> **Requirement**: Make an exact copy of the lines from the top of the entries below through the line with "over de in Nederland". Leave all pictures out.
::: Dataset excerpts :::
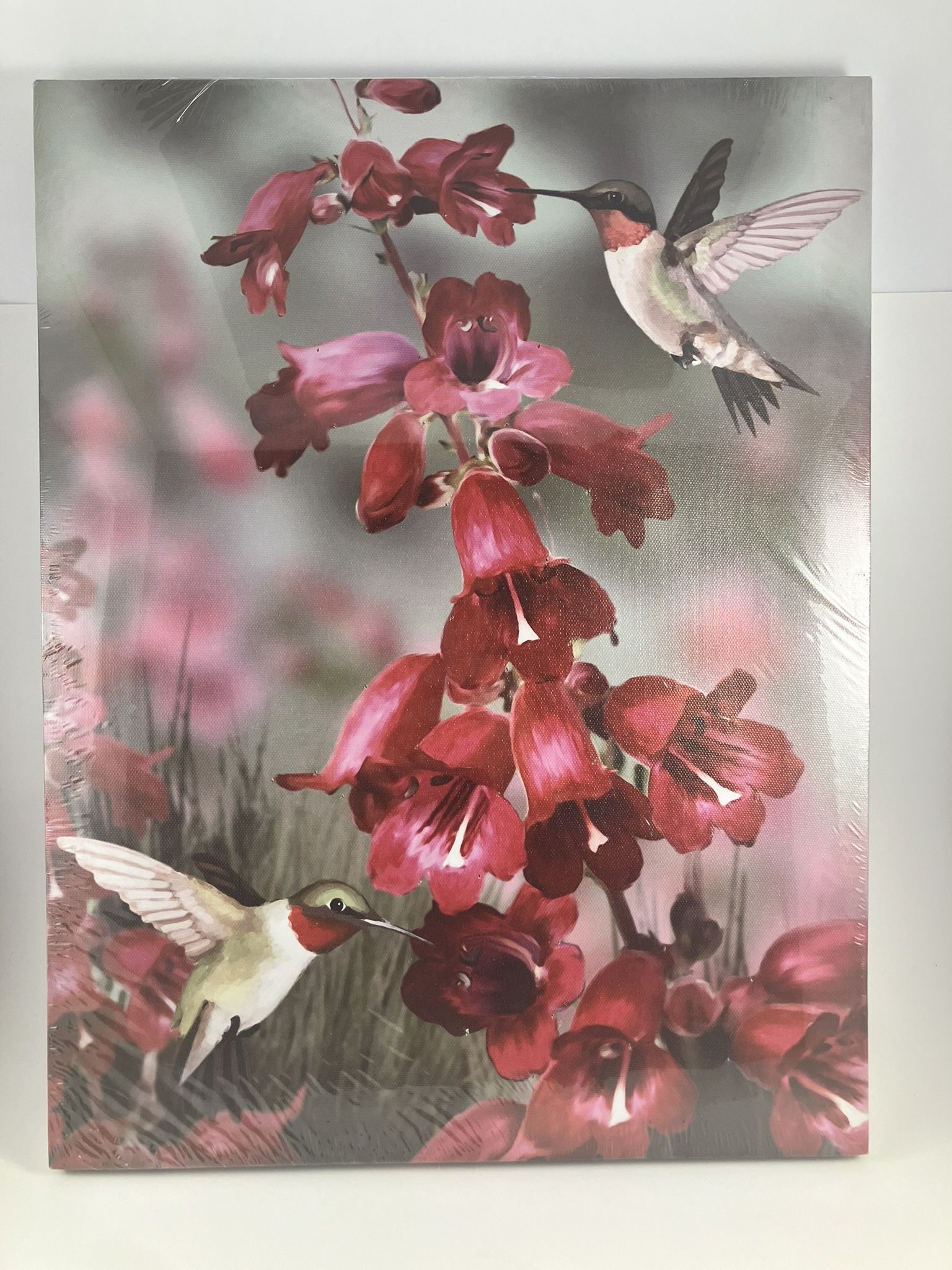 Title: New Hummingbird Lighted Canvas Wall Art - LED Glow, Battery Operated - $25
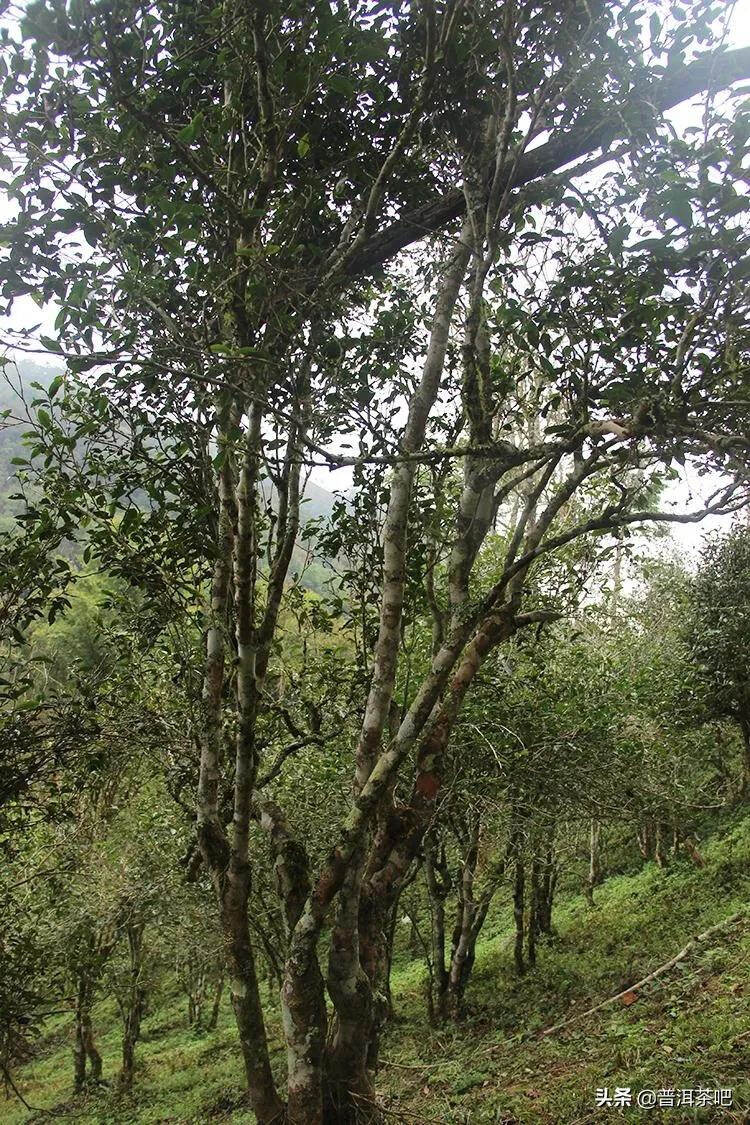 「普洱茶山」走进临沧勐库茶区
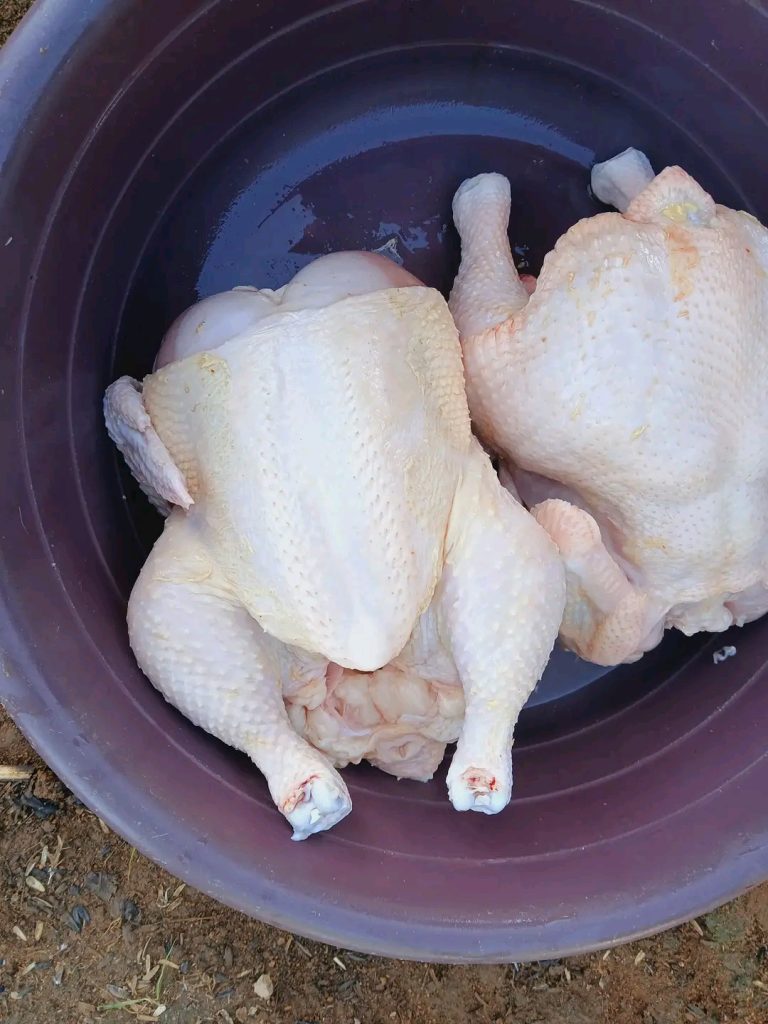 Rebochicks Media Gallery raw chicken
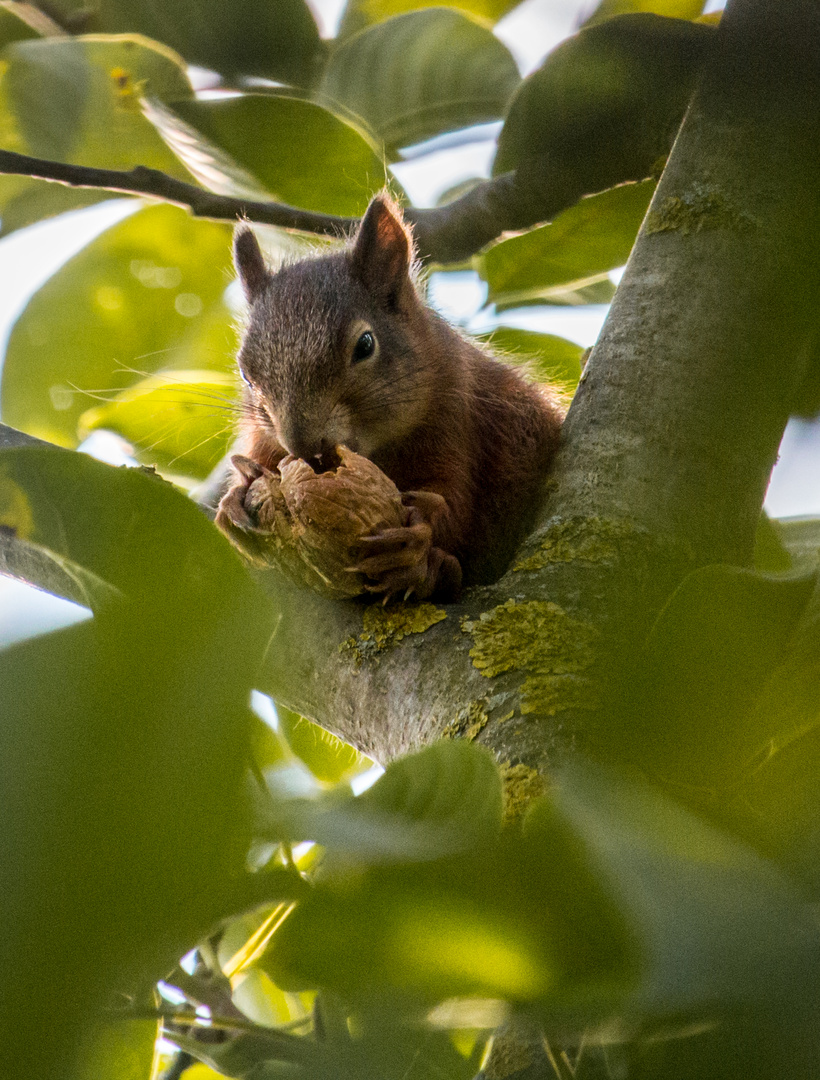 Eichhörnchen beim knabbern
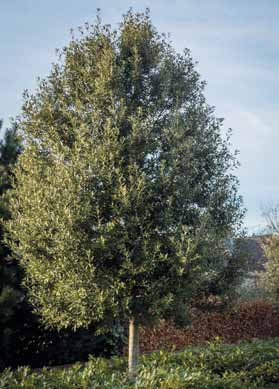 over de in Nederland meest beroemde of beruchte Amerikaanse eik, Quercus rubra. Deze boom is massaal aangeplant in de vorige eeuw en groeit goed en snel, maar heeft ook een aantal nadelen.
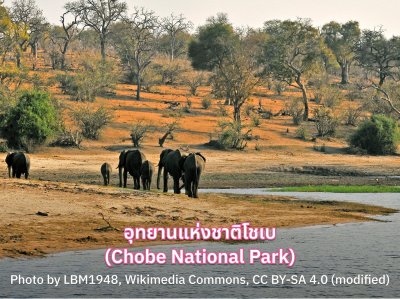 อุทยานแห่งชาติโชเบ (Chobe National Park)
:::
> **Task output**:
 Title: New Hummingbird Lighted Canvas Wall Art - LED Glow, Battery Operated - $25
 「普洱茶山」走进临沧勐库茶区
 Rebochicks Media Gallery raw chicken
 Eichhörnchen beim knabbern
 over de in Nederland meest beroemde of beruchte Amerikaanse eik, Quercus rubra. Deze boom is massaal aangeplant in de vorige eeuw en groeit goed en snel, maar heeft ook een aantal nadelen.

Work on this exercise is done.